■ **Task goal**
The answer should hold only the line with "Kia Sorento 4th" and each line after it through the last line of the material, exactly.

■ **Input data**
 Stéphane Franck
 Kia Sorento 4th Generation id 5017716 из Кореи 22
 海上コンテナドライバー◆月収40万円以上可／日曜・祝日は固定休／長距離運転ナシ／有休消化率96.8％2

■ **Result**
 Kia Sorento 4th Generation id 5017716 из Кореи 22
 海上コンテナドライバー◆月収40万円以上可／日曜・祝日は固定休／長距離運転ナシ／有休消化率96.8％2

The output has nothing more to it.